■ Task item:
Please print the records below exactly as they are.
────────────────────
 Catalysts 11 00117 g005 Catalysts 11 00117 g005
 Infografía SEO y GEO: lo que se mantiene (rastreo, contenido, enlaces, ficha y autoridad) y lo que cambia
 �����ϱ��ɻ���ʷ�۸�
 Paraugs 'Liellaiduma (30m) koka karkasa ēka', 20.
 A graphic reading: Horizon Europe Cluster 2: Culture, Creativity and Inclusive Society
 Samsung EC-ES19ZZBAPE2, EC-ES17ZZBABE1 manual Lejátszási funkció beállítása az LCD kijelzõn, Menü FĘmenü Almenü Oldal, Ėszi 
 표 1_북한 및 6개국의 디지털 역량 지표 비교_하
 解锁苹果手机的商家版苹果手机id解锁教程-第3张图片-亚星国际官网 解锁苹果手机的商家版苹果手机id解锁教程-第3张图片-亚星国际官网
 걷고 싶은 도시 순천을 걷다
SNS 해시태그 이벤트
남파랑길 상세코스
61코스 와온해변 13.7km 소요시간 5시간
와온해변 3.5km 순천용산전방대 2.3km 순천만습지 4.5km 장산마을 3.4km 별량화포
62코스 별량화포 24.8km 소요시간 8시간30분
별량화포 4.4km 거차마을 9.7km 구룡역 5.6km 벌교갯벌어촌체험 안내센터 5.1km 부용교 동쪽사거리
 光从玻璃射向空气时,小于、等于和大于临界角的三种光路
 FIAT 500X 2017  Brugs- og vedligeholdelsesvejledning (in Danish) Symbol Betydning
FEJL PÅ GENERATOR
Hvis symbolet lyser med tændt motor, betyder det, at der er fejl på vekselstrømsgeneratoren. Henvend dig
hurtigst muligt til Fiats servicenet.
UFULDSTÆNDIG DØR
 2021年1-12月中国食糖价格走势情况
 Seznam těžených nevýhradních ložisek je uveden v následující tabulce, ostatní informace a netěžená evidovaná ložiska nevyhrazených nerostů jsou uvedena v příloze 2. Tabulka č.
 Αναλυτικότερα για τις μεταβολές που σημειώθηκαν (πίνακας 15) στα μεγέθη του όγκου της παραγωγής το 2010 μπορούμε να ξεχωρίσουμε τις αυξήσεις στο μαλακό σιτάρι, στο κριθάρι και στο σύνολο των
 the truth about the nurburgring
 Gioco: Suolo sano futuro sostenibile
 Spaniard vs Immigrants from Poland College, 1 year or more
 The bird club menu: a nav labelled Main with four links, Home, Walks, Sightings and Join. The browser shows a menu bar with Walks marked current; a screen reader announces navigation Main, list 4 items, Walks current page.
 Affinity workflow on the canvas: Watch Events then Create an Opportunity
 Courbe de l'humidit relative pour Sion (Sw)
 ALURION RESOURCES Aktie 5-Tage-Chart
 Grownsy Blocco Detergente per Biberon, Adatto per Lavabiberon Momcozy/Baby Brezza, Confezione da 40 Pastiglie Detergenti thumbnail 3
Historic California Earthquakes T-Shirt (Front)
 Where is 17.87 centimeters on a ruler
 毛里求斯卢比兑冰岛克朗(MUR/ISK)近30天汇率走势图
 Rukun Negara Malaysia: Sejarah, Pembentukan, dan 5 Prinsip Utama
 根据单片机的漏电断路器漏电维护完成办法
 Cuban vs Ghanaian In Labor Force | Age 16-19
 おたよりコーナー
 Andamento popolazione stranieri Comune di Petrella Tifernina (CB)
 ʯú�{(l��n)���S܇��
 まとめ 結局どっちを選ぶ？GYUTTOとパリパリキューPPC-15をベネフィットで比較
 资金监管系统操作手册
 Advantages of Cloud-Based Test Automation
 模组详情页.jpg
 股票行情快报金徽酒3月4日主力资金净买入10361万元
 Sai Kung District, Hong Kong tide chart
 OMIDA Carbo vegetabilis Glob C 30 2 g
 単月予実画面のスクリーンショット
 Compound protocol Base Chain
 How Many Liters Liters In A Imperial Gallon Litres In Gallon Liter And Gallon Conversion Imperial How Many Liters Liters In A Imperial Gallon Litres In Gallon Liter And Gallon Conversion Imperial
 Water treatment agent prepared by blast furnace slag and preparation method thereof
────────────────────
■ Exercise solution:
 Catalysts 11 00117 g005 Catalysts 11 00117 g005
 Infografía SEO y GEO: lo que se mantiene (rastreo, contenido, enlaces, ficha y autoridad) y lo que cambia
 �����ϱ��ɻ���ʷ�۸�
 Paraugs 'Liellaiduma (30m) koka karkasa ēka', 20.
 A graphic reading: Horizon Europe Cluster 2: Culture, Creativity and Inclusive Society
 Samsung EC-ES19ZZBAPE2, EC-ES17ZZBABE1 manual Lejátszási funkció beállítása az LCD kijelzõn, Menü FĘmenü Almenü Oldal, Ėszi 
 표 1_북한 및 6개국의 디지털 역량 지표 비교_하
 解锁苹果手机的商家版苹果手机id解锁教程-第3张图片-亚星国际官网 解锁苹果手机的商家版苹果手机id解锁教程-第3张图片-亚星国际官网
 걷고 싶은 도시 순천을 걷다
SNS 해시태그 이벤트
남파랑길 상세코스
61코스 와온해변 13.7km 소요시간 5시간
와온해변 3.5km 순천용산전방대 2.3km 순천만습지 4.5km 장산마을 3.4km 별량화포
62코스 별량화포 24.8km 소요시간 8시간30분
별량화포 4.4km 거차마을 9.7km 구룡역 5.6km 벌교갯벌어촌체험 안내센터 5.1km 부용교 동쪽사거리
 光从玻璃射向空气时,小于、等于和大于临界角的三种光路
 FIAT 500X 2017  Brugs- og vedligeholdelsesvejledning (in Danish) Symbol Betydning
FEJL PÅ GENERATOR
Hvis symbolet lyser med tændt motor, betyder det, at der er fejl på vekselstrømsgeneratoren. Henvend dig
hurtigst muligt til Fiats servicenet.
UFULDSTÆNDIG DØR
 2021年1-12月中国食糖价格走势情况
 Seznam těžených nevýhradních ložisek je uveden v následující tabulce, ostatní informace a netěžená evidovaná ložiska nevyhrazených nerostů jsou uvedena v příloze 2. Tabulka č.
 Αναλυτικότερα για τις μεταβολές που σημειώθηκαν (πίνακας 15) στα μεγέθη του όγκου της παραγωγής το 2010 μπορούμε να ξεχωρίσουμε τις αυξήσεις στο μαλακό σιτάρι, στο κριθάρι και στο σύνολο των
 the truth about the nurburgring
 Gioco: Suolo sano futuro sostenibile
 Spaniard vs Immigrants from Poland College, 1 year or more
 The bird club menu: a nav labelled Main with four links, Home, Walks, Sightings and Join. The browser shows a menu bar with Walks marked current; a screen reader announces navigation Main, list 4 items, Walks current page.
 Affinity workflow on the canvas: Watch Events then Create an Opportunity
 Courbe de l'humidit relative pour Sion (Sw)
 ALURION RESOURCES Aktie 5-Tage-Chart
 Grownsy Blocco Detergente per Biberon, Adatto per Lavabiberon Momcozy/Baby Brezza, Confezione da 40 Pastiglie Detergenti thumbnail 3
Historic California Earthquakes T-Shirt (Front)
 Where is 17.87 centimeters on a ruler
 毛里求斯卢比兑冰岛克朗(MUR/ISK)近30天汇率走势图
 Rukun Negara Malaysia: Sejarah, Pembentukan, dan 5 Prinsip Utama
 根据单片机的漏电断路器漏电维护完成办法
 Cuban vs Ghanaian In Labor Force | Age 16-19
 おたよりコーナー
 Andamento popolazione stranieri Comune di Petrella Tifernina (CB)
 ʯú�{(l��n)���S܇��
 まとめ 結局どっちを選ぶ？GYUTTOとパリパリキューPPC-15をベネフィットで比較
 资金监管系统操作手册
 Advantages of Cloud-Based Test Automation
 模组详情页.jpg
 股票行情快报金徽酒3月4日主力资金净买入10361万元
 Sai Kung District, Hong Kong tide chart
 OMIDA Carbo vegetabilis Glob C 30 2 g
 単月予実画面のスクリーンショット
 Compound protocol Base Chain
 How Many Liters Liters In A Imperial Gallon Litres In Gallon Liter And Gallon Conversion Imperial How Many Liters Liters In A Imperial Gallon Litres In Gallon Liter And Gallon Conversion Imperial
 Water treatment agent prepared by blast furnace slag and preparation method thereof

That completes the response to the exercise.